Re: Syncrep and improving latency due to WAL throttling

From: Tomas Vondra <tomas(dot)vondra(at)enterprisedb(dot)com>
To: Andres Freund <andres(at)anarazel(dot)de>
Cc: Bharath Rupireddy <bharath(dot)rupireddyforpostgres(at)gmail(dot)com>, Jakub Wartak <jakub(dot)wartak(at)enterprisedb(dot)com>, PostgreSQL Hackers <pgsql-hackers(at)postgresql(dot)org>, Alvaro Herrera <alvherre(at)alvh(dot)no-ip(dot)org>
Subject: Re: Syncrep and improving latency due to WAL throttling
Date: 2023-01-28 00:36:17
Message-ID: db055152-d230-8600-d057-e45e388bb3c8@enterprisedb.com
Views: Raw Message | Whole Thread | Download mbox | Resend email
Thread:
Lists: pgsql-hackers

On 1/27/23 22:33, Andres Freund wrote:
> Hi,
>
> On 2023-01-27 21:45:16 +0100, Tomas Vondra wrote:
>> On 1/27/23 08:18, Bharath Rupireddy wrote:
>>>> I think my idea of only forcing to flush/wait an LSN some distance in the past
>>>> would automatically achieve that?
>>>
>>> I'm sorry, I couldn't get your point, can you please explain it a bit more?
>>>
>>
>> The idea is that we would not flush the exact current LSN, because
>> that's likely somewhere in the page, and we always write the whole page
>> which leads to write amplification.
>>
>> But if we backed off a bit, and wrote e.g. to the last page boundary,
>> that wouldn't have this issue (either the page was already flushed -
>> noop, or we'd have to flush it anyway).
>
> Yep.
>
>
>> We could even back off a bit more, to increase the probability it was
>> actually flushed / sent to standby.
>
> That's not the sole goal, from my end: I'd like to avoid writing out +
> flushing the WAL in too small chunks. Imagine a few concurrent vacuums or
> COPYs or such - if we're unlucky they'd each end up exceeding their "private"
> limit close to each other, leading to a number of small writes of the
> WAL. Which could end up increasing local commit latency / iops.
>
> If we instead decide to only ever flush up to something like
> last_page_boundary - 1/8 * throttle_pages * XLOG_BLCKSZ
>
> we'd make sure that the throttling mechanism won't cause a lot of small
> writes.
>

I'm not saying we shouldn't do this, but I still don't see how this
could make a measurable difference. At least assuming a sensible value
of the throttling limit (say, more than 256kB per backend), and OLTP
workload running concurrently. That means ~64 extra flushes/writes per
16MB segment (at most). Yeah, a particular page might get unlucky and be
flushed by multiple backends, but the average still holds. Meanwhile,
the OLTP transactions will generate (at least) an order of magnitude
more flushes.

>
>>> Keeping replication lag under check enables one to provide a better
>>> RPO guarantee as discussed in the other thread
>>> https://www.postgresql.org/message-id/CAHg%2BQDcO_zhgBCMn5SosvhuuCoJ1vKmLjnVuqUEOd4S73B1urw%40mail.gmail.com.
>>>
>>
>> Isn't that a bit over-complicated? RPO generally only cares about xacts
>> that committed (because that's what you want to not lose), so why not to
>> simply introduce a "sync mode" that simply uses a bit older LSN when
>> waiting for the replica? Seems much simpler and similar to what we
>> already do.
>
> I don't think that really helps you that much. If there's e.g. a huge VACUUM /
> COPY emitting loads of WAL you'll suddenly see commit latency of a
> concurrently committing transactions spike into oblivion. Whereas a general
> WAL throttling mechanism would throttle the VACUUM, without impacting the
> commit latency of normal transactions.
>

True, but it solves the RPO goal which is what the other thread was about.

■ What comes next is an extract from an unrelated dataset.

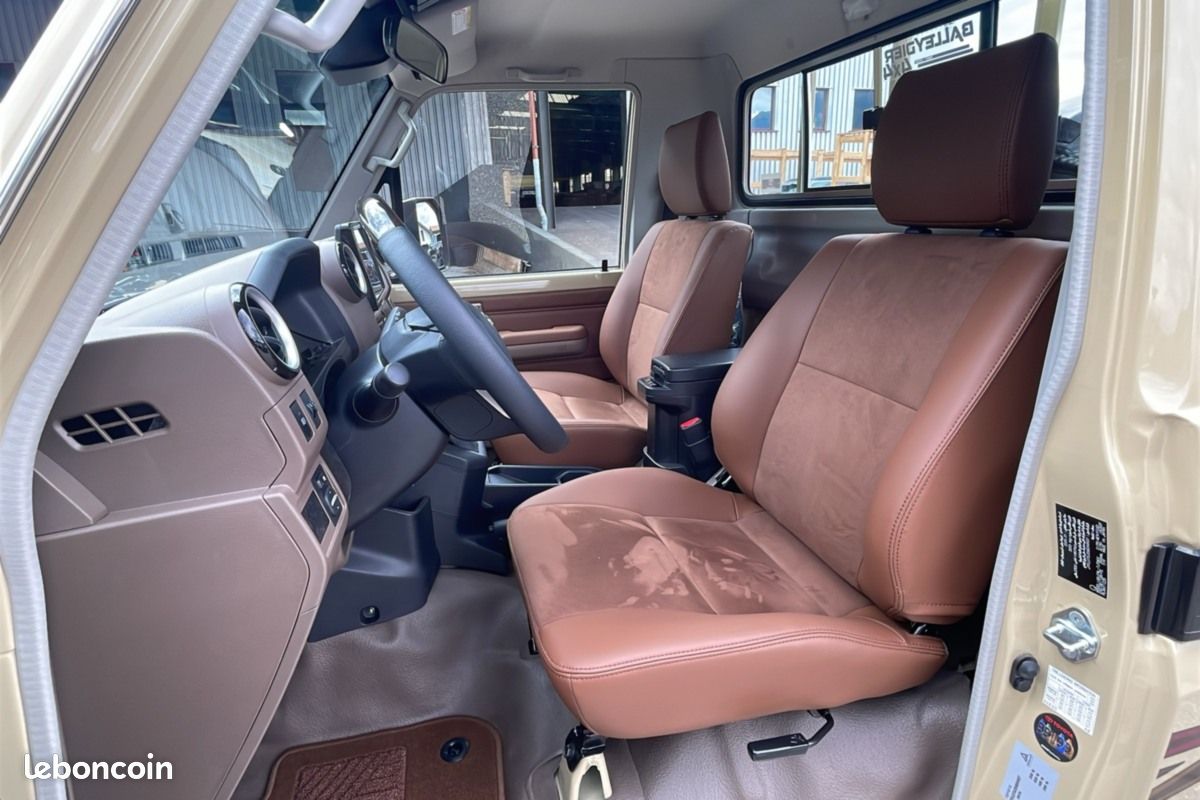 Toyota Land Cruiser GRJ 79 SIMPLE CABINE LX 4.0 V (image 5)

IMHO it's useful to look at this as a resource scheduling problem:
limited WAL bandwidth consumed by backends, with the bandwidth
distributed using some sort of policy.

The patch discussed in this thread uses fundamentally unfair policy,
with throttling applied only on backends that produce a lot of WAL. And
trying to leave the OLTP as unaffected as possible.

The RPO thread seems to be aiming for a "fair" policy, providing the
same fraction of bandwidth to all processes. This will affect all xacts
the same way (sleeps proportional to amount of WAL generated by the xact).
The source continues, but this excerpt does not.